映画の中で、女性闘士が川口君に詰め寄る場面がある。「中核派は、海老原君を殺しただろう!」と。この2年前に、革マル派の東京教育大(現筑波大)生が中核派にリンチ殺害されていた。川口君事件について、革マル派は彼を中核派と見なし、報復としてリンチしたのだろうと、当時の学生の一人がコメントしていた。報復、つまり、<怨念>である。

 革マル派も中核派も、1963年までは「革命的共産主義者同盟」として、同じ組織だった。
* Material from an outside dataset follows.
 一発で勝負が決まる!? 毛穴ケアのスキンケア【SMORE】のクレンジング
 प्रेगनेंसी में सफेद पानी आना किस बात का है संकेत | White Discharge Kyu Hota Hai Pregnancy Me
しかし、方針の違いで分裂し、主導権争いで内ゲバ闘争になった。

 

  <怨念>は、〝殺意″である。拙著では、<怨念>について以下のように書いた。

 

  「去年は、大変だったでしょう」と、公太郎が酒を注ぐと、彼は猪口を一気に飲み干し、大粒の涙を流した。公太郎はふと思った。菱村の仕打ちが〝怨念〟から出たものなら、誰に向けられていたのか、と。清朝の西太后は〝怨念〟によって光緒帝を毒殺し、朝鮮の閔妃も同様に金玉均を凌遅刑に処した。だが、その〝怨念〟の連鎖が対立を生み、清朝と李氏朝鮮は滅亡した。